Kantor Dewan Dakwah Islamiyah Indonesia (DDII) Kabupaten Lumajang tidak lagi ninit pada koleganya. Mulai Selasa (15/7/2025) sudah menempati kantor baru. Bangunan dua lantai seluas 5×6 meter itu kini menjadi kantor resmi Dewan Dakwah (DD).

Meski tampak sederhana, bangunan ini memancarkan harapan besar. Peresmiannya dilakukan oleh Bupati Lumajang, Ir. Indah Amperawati, M.Si, pada Selasa (15/7/2025). Dalam sambutannya, Bupati menyatakan dukungannya terhadap gerakan dakwah yang aktif dan relevan.

“Saya senang jika Dewan Dakwah lebih banyak melakukan gerakan yang menyentuh kebutuhan umat,” ujarnya.

Bupati Indah juga menjanjikan satu unit mobil operasional untuk mendukung kegiatan dakwah DDII. Meskipun bukan mobil baru, bantuan ini diharapkan dapat memperlancar aktivitas mereka di lapangan.

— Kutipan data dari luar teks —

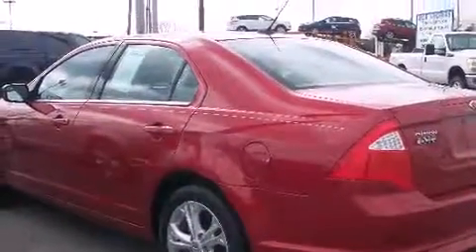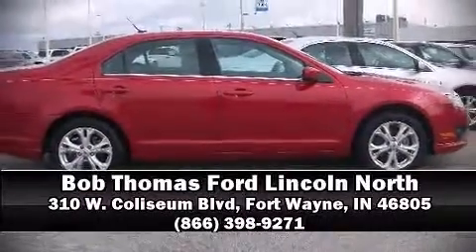Our sales reps are knowledgeable and professional. Stop by our dealership or give us a call for more information.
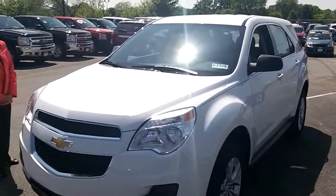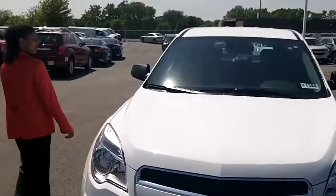Hi Tina, it's Tasha with Apple Chevrolet. Thanks for your request. Here's the 2012 Equinox that I quoted you.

Ketua Dewan Dakwah Jawa Timur, Dr. Fathurrahman, M.Pd., turut hadir dan memberikan pesan penting. Ia menegaskan bahwa dakwah adalah tanggung jawab bersama, terutama dalam mencetak kader-kader dakwah masa depan. “Kalau kita kekurangan kader, itu kegagalan kolektif,” tegasnya.

Sebagai solusi, ia mendorong didirikannya Sekolah Tinggi Dakwah M. Natsir di Lumajang guna memperkuat peran strategis daerah ini dalam jaringan dakwah nasional.

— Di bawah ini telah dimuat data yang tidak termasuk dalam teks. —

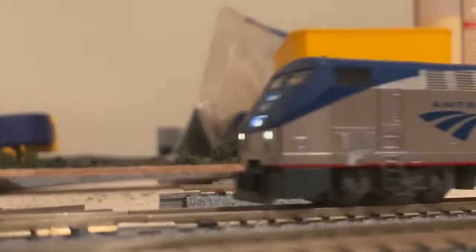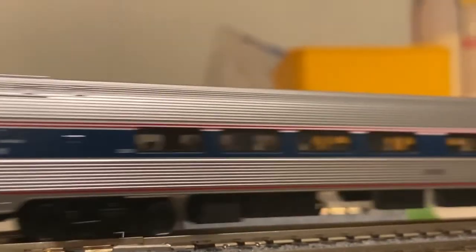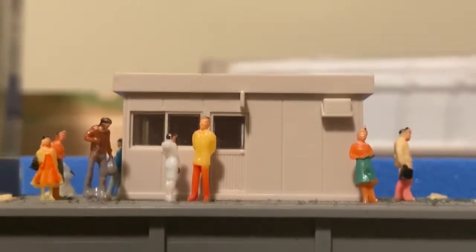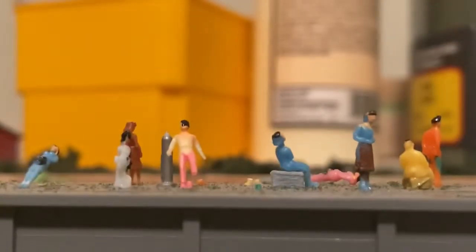The train is leaving the station. Then we have a private excursion train approaching the station, and finally the excursion train leaving. Thanks for watching.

Ketua panitia pembangunan, Yosi Sudarso, mengungkapkan rasa syukurnya atas selesainya pembangunan kantor DDII yang menelan biaya Rp127 juta — seluruhnya hasil gotong royong masyarakat.

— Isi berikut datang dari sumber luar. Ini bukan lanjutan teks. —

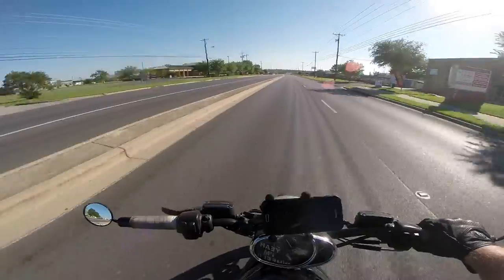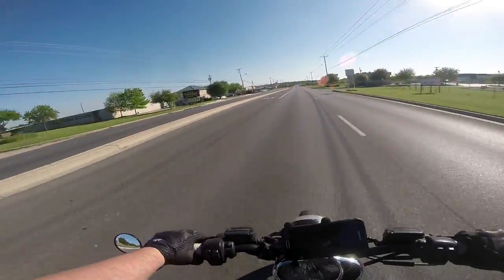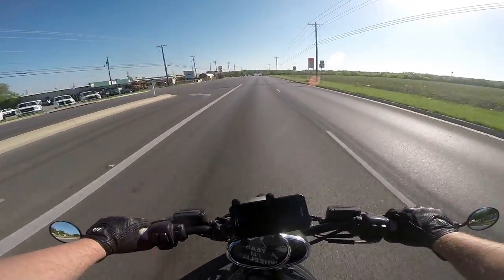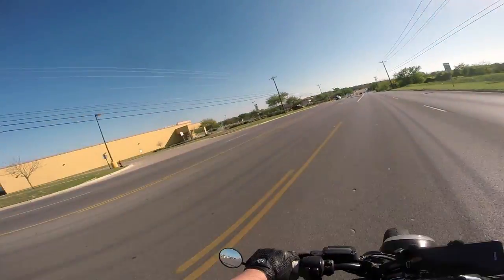Big news around here — those of you who follow me on social media have already seen this — but I bought a boat. And not just any boat: I bought a direct drive V8 powered ski boat for this summer so that we can go out on the lake and enjoy beautiful Lake Travis and all the wonder that comes with it.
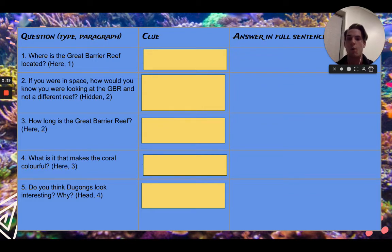Moving on to question 4: what is it that makes the coral colorful? Now this is seen in paragraph 3. Funnily enough, the coral isn't colorful by itself — there's something that goes on top of it, and it starts with A. So be eager looking for that A word of what makes the coral colorful. Now, do you think dugongs — that's a fun animal name to say, dugong — do you think dugongs look interesting and why? This is a two-part question. Please make sure you are saying yes or no and giving a good description why, justifying your answer. I think dugongs do look a bit interesting because of... I don't want to give you the answer — that would just be giving it away!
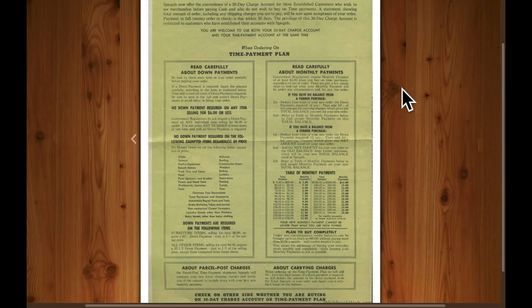So I hope you enjoyed this catalog. If you want to see more of this type of video where we flip through old catalogs, tell me in the comments.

“Ini bukan sekadar bangunan, tapi penanda bahwa dakwah di Lumajang tak akan lagi bergerak dalam diam,” katanya.

Selama ini, DDII Lumajang telah aktif dalam berbagai bentuk dakwah, mulai dari dakwah spiritual hingga aksi sosial. Mereka juga gencar dalam edukasi kesehatan dan penyuluhan bahaya narkoba.

Ketua DDII Lumajang, Suharyo AP, menyebut pihaknya telah mengunjungi 32 SMP Negeri untuk mengedukasi pelajar tentang zat adiktif.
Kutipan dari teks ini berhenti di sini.